### Your assignment
Lines before the one containing "Angel Bake 2" are left out; output the rest of the data exactly, through the final line.

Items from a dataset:
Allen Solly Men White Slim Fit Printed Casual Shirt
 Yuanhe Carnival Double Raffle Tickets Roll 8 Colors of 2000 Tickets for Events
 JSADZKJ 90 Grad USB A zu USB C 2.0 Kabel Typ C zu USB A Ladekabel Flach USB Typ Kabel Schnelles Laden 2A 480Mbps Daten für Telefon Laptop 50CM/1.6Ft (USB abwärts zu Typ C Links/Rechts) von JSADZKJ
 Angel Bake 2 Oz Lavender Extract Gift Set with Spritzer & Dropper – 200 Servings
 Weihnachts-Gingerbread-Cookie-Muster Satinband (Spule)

### Your response
 Angel Bake 2 Oz Lavender Extract Gift Set with Spritzer & Dropper – 200 Servings
 Weihnachts-Gingerbread-Cookie-Muster Satinband (Spule)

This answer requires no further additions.